#### [Your task]
Where the line containing "Stop by and" appears, begin retyping; continue exactly through the final line of the data. Omit every picture.

────

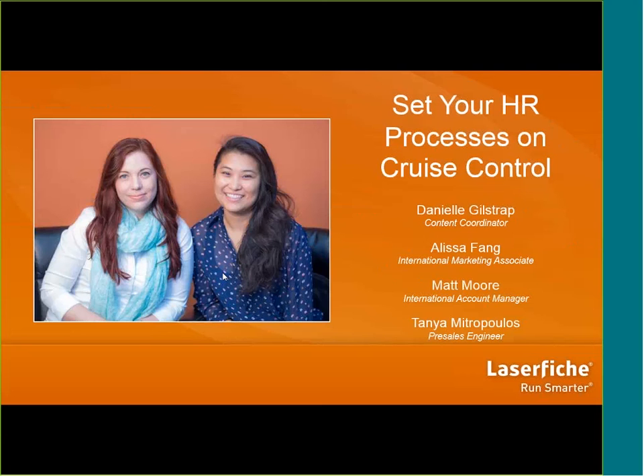Hello, everyone. This is the webinar, Set Your HR Processes on Cruise Control. My name is Danielle Gilstrap, and I'm one of your hosts today. I'm the content coordinator here at LaserFiche. Your other host is Alyssa Fang, our international marketing associate. You might recognize our names if you attended the first webinar in our series, Overview of the LaserFiche Suite — part of our series called Webinar Wednesdays.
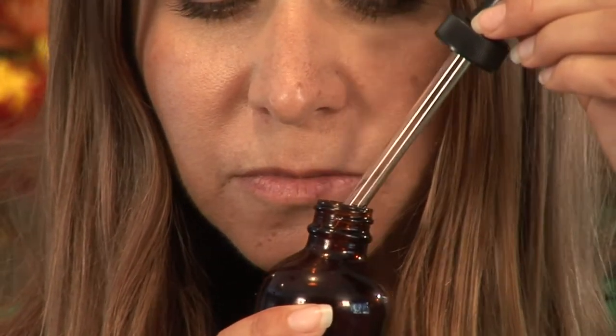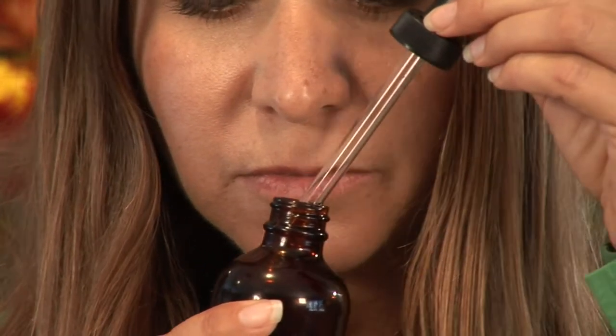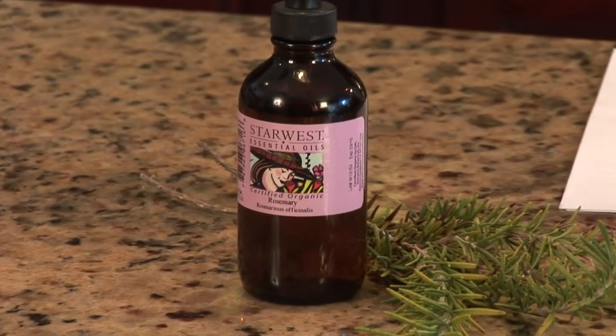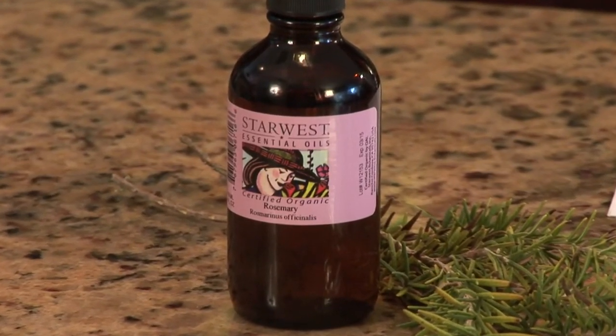Rosemary is also great for respiratory ailments, again as an inhalant. So many different benefits for using rosemary in aromatherapy. I'm Desiree, and this is Aromatherapy Rosemary Mint Benefits.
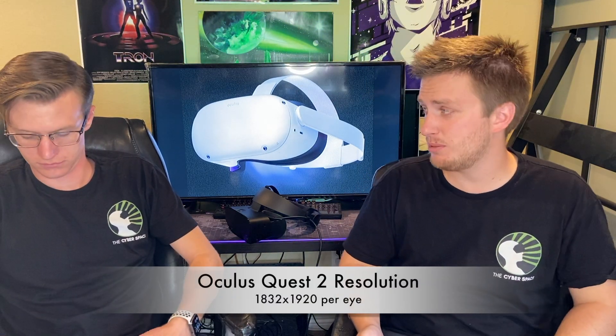For the Oculus Quest 2, which is $100 cheaper and is independent, the resolution is 1832 by 1920 per eye. So that's a pretty hefty upgrade — that's a big deal.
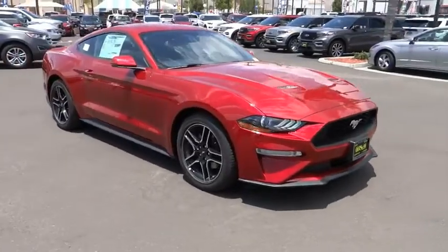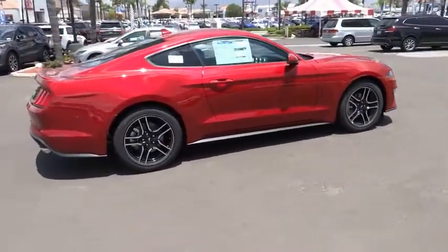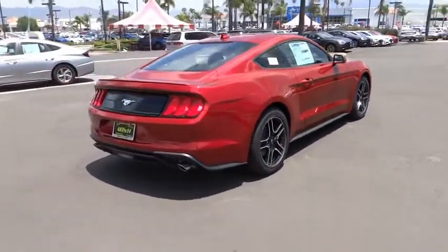Stop by and take a look at the 2020 Mustang. The Mustang is race-worthy and ready for the track. This vehicle has less than 100 miles.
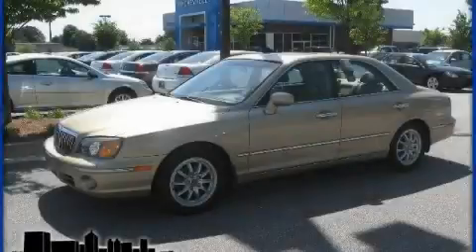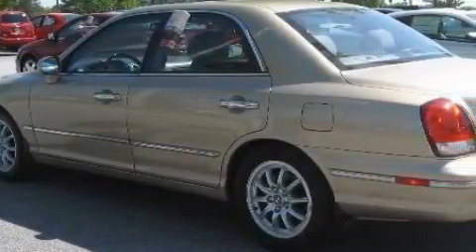This is a 2003 Hyundai XG350. It has a 3.5-liter six-cylinder engine and an automatic transmission.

────

#### [Problem solution]
Stop by and take a look at the 2020 Mustang. The Mustang is race-worthy and ready for the track. This vehicle has less than 100 miles.
This is a 2003 Hyundai XG350. It has a 3.5-liter six-cylinder engine and an automatic transmission.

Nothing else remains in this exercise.